Top of Records supplied
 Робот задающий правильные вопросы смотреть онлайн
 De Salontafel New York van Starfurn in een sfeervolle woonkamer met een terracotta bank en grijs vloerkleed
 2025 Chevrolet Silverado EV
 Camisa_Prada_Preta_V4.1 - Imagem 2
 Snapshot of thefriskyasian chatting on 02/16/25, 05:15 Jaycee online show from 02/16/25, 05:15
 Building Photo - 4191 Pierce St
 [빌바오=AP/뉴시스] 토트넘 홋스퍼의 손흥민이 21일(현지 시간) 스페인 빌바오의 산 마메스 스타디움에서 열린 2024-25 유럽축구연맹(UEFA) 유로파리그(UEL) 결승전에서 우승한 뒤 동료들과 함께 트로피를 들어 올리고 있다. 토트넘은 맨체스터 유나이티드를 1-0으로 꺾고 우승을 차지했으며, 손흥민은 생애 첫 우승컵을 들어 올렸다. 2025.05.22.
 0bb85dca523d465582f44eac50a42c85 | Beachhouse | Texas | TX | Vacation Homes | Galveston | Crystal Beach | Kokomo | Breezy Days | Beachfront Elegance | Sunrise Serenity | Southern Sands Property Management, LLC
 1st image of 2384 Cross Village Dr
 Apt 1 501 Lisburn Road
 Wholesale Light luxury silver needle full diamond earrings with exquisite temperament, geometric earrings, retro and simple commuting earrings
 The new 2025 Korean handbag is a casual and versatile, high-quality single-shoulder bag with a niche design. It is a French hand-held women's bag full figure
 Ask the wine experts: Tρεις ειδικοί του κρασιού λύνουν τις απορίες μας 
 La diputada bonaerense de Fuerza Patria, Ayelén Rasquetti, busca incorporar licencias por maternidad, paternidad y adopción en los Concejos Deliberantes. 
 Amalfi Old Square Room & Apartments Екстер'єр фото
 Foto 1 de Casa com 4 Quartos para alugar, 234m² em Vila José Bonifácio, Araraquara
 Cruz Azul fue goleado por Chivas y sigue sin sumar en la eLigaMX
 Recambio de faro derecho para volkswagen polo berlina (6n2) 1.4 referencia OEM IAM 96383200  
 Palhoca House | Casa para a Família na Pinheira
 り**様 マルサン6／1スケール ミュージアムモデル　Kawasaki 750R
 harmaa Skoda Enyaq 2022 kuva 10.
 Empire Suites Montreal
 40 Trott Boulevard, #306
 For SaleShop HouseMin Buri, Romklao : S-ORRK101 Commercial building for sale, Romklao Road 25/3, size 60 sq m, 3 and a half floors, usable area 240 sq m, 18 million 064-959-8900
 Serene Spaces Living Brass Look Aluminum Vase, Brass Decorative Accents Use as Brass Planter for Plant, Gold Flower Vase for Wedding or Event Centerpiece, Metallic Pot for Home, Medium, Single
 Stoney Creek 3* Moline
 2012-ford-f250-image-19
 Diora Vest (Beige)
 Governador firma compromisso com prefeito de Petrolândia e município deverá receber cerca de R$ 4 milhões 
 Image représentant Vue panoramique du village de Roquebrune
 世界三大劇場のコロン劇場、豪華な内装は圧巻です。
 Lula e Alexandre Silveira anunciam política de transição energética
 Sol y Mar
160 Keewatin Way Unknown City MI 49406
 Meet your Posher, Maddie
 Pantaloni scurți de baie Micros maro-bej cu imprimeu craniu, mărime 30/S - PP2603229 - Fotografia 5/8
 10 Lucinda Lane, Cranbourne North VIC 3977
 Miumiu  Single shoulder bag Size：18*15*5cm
Bottom of Records supplied
**Task objective**: The data above should be duplicated exactly and completely.

**Problem solution**:
 Робот задающий правильные вопросы смотреть онлайн
 De Salontafel New York van Starfurn in een sfeervolle woonkamer met een terracotta bank en grijs vloerkleed
 2025 Chevrolet Silverado EV
 Camisa_Prada_Preta_V4.1 - Imagem 2
 Snapshot of thefriskyasian chatting on 02/16/25, 05:15 Jaycee online show from 02/16/25, 05:15
 Building Photo - 4191 Pierce St
 [빌바오=AP/뉴시스] 토트넘 홋스퍼의 손흥민이 21일(현지 시간) 스페인 빌바오의 산 마메스 스타디움에서 열린 2024-25 유럽축구연맹(UEFA) 유로파리그(UEL) 결승전에서 우승한 뒤 동료들과 함께 트로피를 들어 올리고 있다. 토트넘은 맨체스터 유나이티드를 1-0으로 꺾고 우승을 차지했으며, 손흥민은 생애 첫 우승컵을 들어 올렸다. 2025.05.22.
 0bb85dca523d465582f44eac50a42c85 | Beachhouse | Texas | TX | Vacation Homes | Galveston | Crystal Beach | Kokomo | Breezy Days | Beachfront Elegance | Sunrise Serenity | Southern Sands Property Management, LLC
 1st image of 2384 Cross Village Dr
 Apt 1 501 Lisburn Road
 Wholesale Light luxury silver needle full diamond earrings with exquisite temperament, geometric earrings, retro and simple commuting earrings
 The new 2025 Korean handbag is a casual and versatile, high-quality single-shoulder bag with a niche design. It is a French hand-held women's bag full figure
 Ask the wine experts: Tρεις ειδικοί του κρασιού λύνουν τις απορίες μας 
 La diputada bonaerense de Fuerza Patria, Ayelén Rasquetti, busca incorporar licencias por maternidad, paternidad y adopción en los Concejos Deliberantes. 
 Amalfi Old Square Room & Apartments Екстер'єр фото
 Foto 1 de Casa com 4 Quartos para alugar, 234m² em Vila José Bonifácio, Araraquara
 Cruz Azul fue goleado por Chivas y sigue sin sumar en la eLigaMX
 Recambio de faro derecho para volkswagen polo berlina (6n2) 1.4 referencia OEM IAM 96383200  
 Palhoca House | Casa para a Família na Pinheira
 り**様 マルサン6／1スケール ミュージアムモデル　Kawasaki 750R
 harmaa Skoda Enyaq 2022 kuva 10.
 Empire Suites Montreal
 40 Trott Boulevard, #306
 For SaleShop HouseMin Buri, Romklao : S-ORRK101 Commercial building for sale, Romklao Road 25/3, size 60 sq m, 3 and a half floors, usable area 240 sq m, 18 million 064-959-8900
 Serene Spaces Living Brass Look Aluminum Vase, Brass Decorative Accents Use as Brass Planter for Plant, Gold Flower Vase for Wedding or Event Centerpiece, Metallic Pot for Home, Medium, Single
 Stoney Creek 3* Moline
 2012-ford-f250-image-19
 Diora Vest (Beige)
 Governador firma compromisso com prefeito de Petrolândia e município deverá receber cerca de R$ 4 milhões 
 Image représentant Vue panoramique du village de Roquebrune
 世界三大劇場のコロン劇場、豪華な内装は圧巻です。
 Lula e Alexandre Silveira anunciam política de transição energética
 Sol y Mar
160 Keewatin Way Unknown City MI 49406
 Meet your Posher, Maddie
 Pantaloni scurți de baie Micros maro-bej cu imprimeu craniu, mărime 30/S - PP2603229 - Fotografia 5/8
 10 Lucinda Lane, Cranbourne North VIC 3977
 Miumiu  Single shoulder bag Size：18*15*5cm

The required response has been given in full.